The Court of Appeal had found in favour of the tenants (see here for a description of the Court of Appeal decision). The Court of Final Appeal unanimously rejected the Government’s appeal and found in favour of the tenants. The doctrine of encroachment had the effect contended for by the tenants and their claim was not affected by the fact that the exercise of the right of renewal (and consequent grant of a new lease) had occurred while the limitation period was still running in respect of the land encroached upon. It was enough that the tenants had been in possession of the land for an uninterrupted sixty year period as required by section 7 of the Limitation Ordinance.

There was a thorough exploration of the juridical basis of the doctrine of encroachment: Ribeiro PJ had a view as to the nature of the doctrine that differed from that of Lord Scott of Foscote NPJ. Common to all is an acceptance that the encroachment creates a rebuttable presumption that the tenant possesses the land as an addition to the lease. Lord Scott thought that added to this is a straightforward application of the doctrine of adverse possession (the expiry of the limitation period prevents the landlord from being able to recover possession). Lord Scott thought that the intention of the tenant modified the operation of the doctrine of adverse possession ([112] – [113]). Ribeiro PJ thought that this solution was unavailable since it seems to clash with section 17 of the Limitation Ordinance (which extinguishes the landlord’s title). He thought that the landlord’s eventual right to recover the land arose from a presumption that the encroachment is an an annexation of the relevant land to the demised property and an estoppel binding on the tenant preventing the tenant from asserting that his possession is adverse to the landlord (paras. [40] – [41]). In Ribeiro PJ’s view, the Limitation Ordinance is not directly relevant (para. 41) but it is indirectly relevant in that, in the absence of the doctrine of encroachment, the tenant could claim to have extinguished the landlord’s title.

Michael Lower

Encroachment: for whose benefit?

May 23, 2011

The doctrine of encroachment applies to land owned by third parties as well as to land owned by the landlord. It is part of Hong Kong Land Law. It creates a rebuttable presumption that any rights acquired over third party land are for the benefit of the landlord.

In Lau Wing  Hong v Wong Wor Hung ([2006] 4 HKLRD 671) a tenant encroached on land owned by third parties next to the property included in the lease. From the very beginning the landlord acknowledged that he did not own the land encroached on. He further made it clear that he wanted no part in any dispute arising out of the encroachment and that it was not his affair. He granted two further leases that made no mention of the land encroached on.
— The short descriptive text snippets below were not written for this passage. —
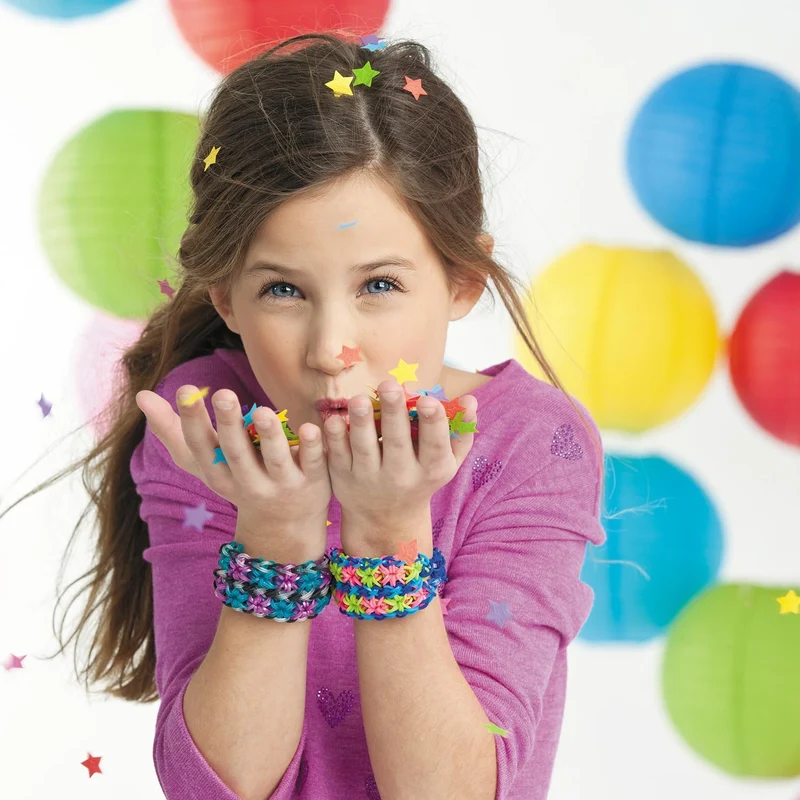 Bandai - Rainbow Loom Boutique – Automatisches Set zur Herstellung von Armbändern aus Gummibändern -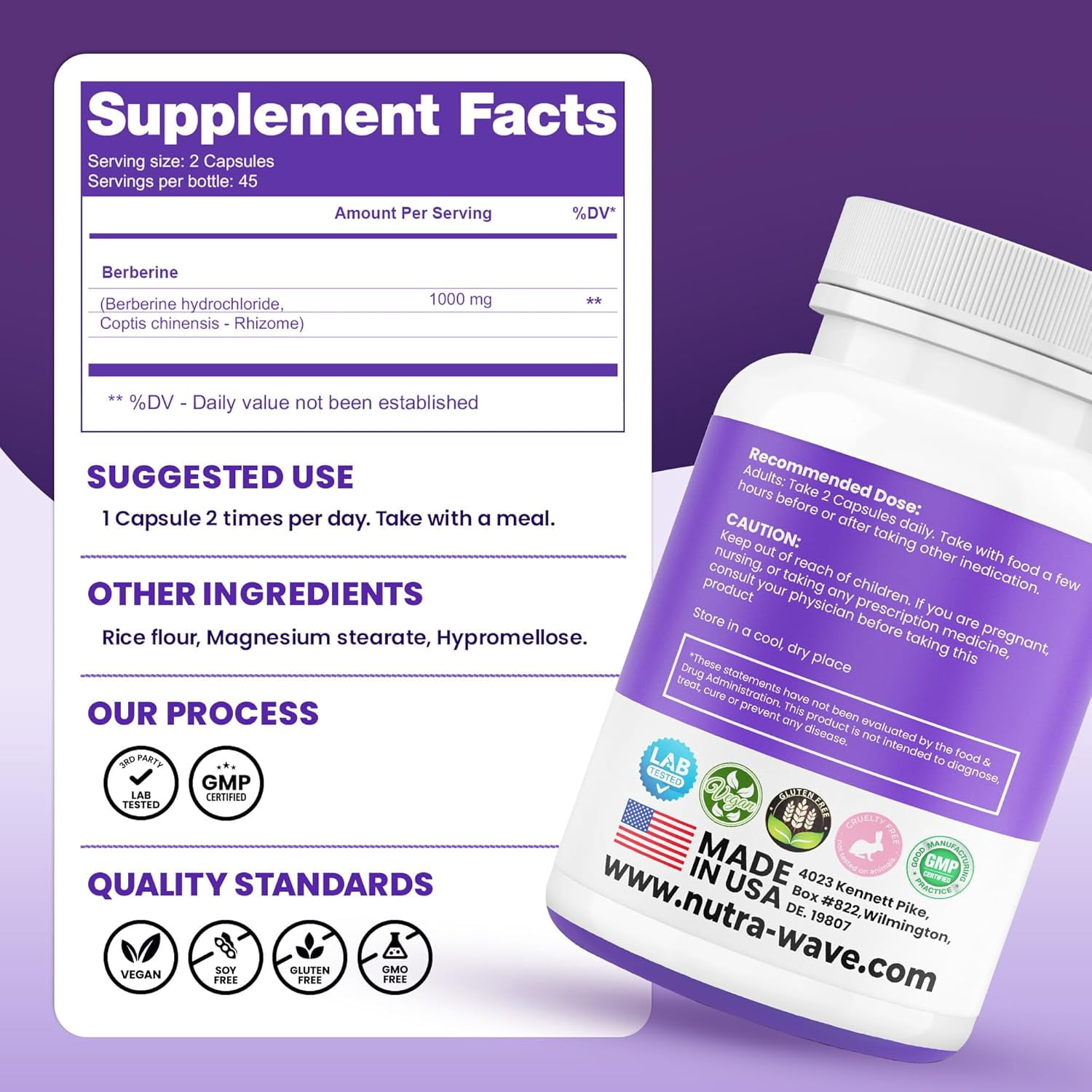 Nutra Wave Berberine 1000mg, Blood Sugar & Metabolism Support, 90 Vegan Capsules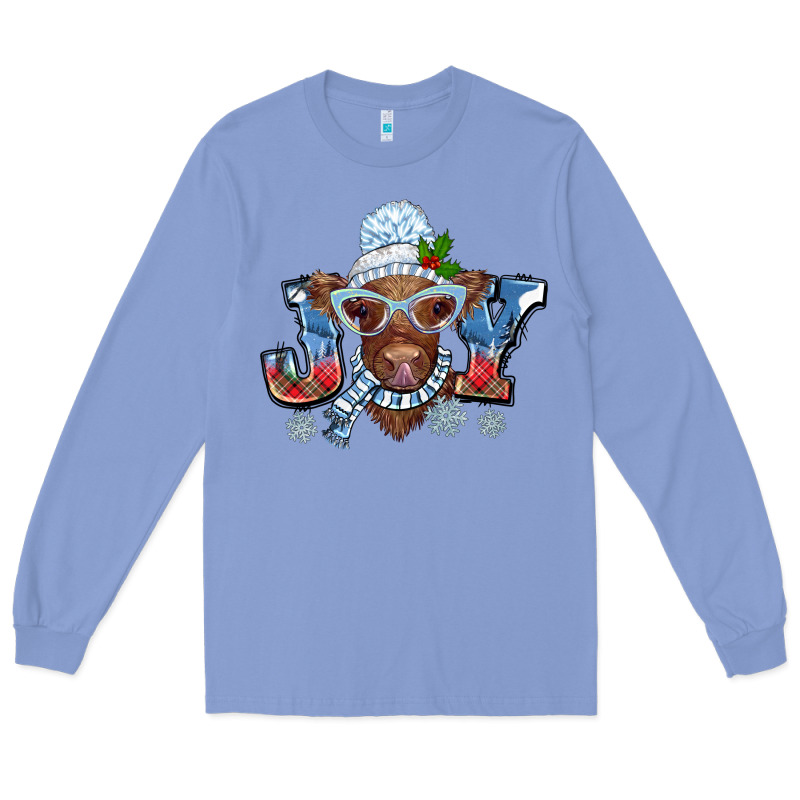 Christmas Snow Cow Joy Long Sleeve Tee by BarkalooDesign | Teevron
It was held that the doctrine of encroachment applies to third party land as well as to land owned by the landlord. It creates a rebuttable presumption that the land has been encroached on for the benefit of the landlord. Here the presumption was rebutted because the landlord had made it clear that he wanted nothing to do with the land and because the later leases did not mention it. It was the tenant who had acquired title to the land.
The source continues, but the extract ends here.